● Work instruction
The data below contains pictures, which are to be skipped; the lines starting at the line with "Meet your Posher, Mindy" and ending at the line with "League of Legends" are to be output exactly, both ends included.

● The records
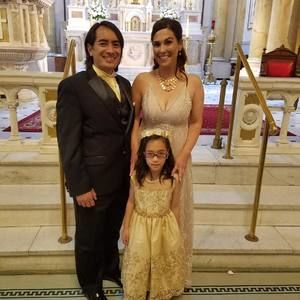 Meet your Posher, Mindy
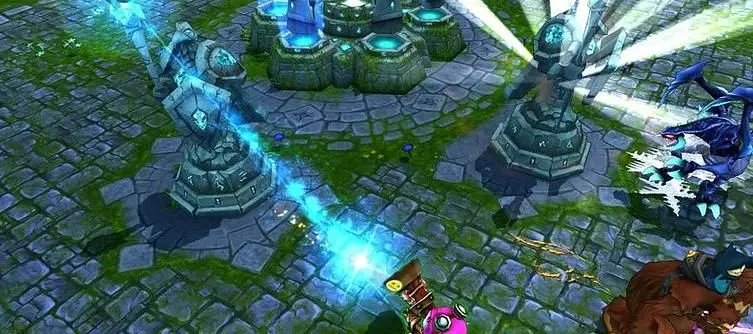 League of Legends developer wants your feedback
* * *
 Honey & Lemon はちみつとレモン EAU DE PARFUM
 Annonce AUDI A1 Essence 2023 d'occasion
* * *
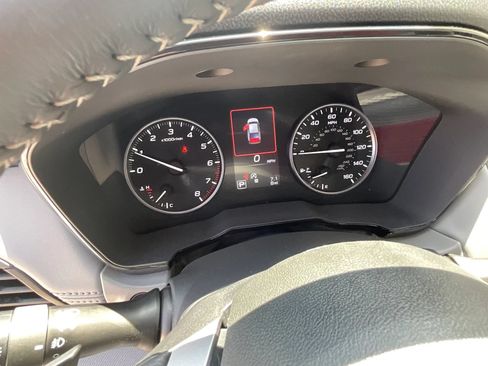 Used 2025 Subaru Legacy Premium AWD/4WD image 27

● Written solution
 Meet your Posher, Mindy
 League of Legends developer wants your feedback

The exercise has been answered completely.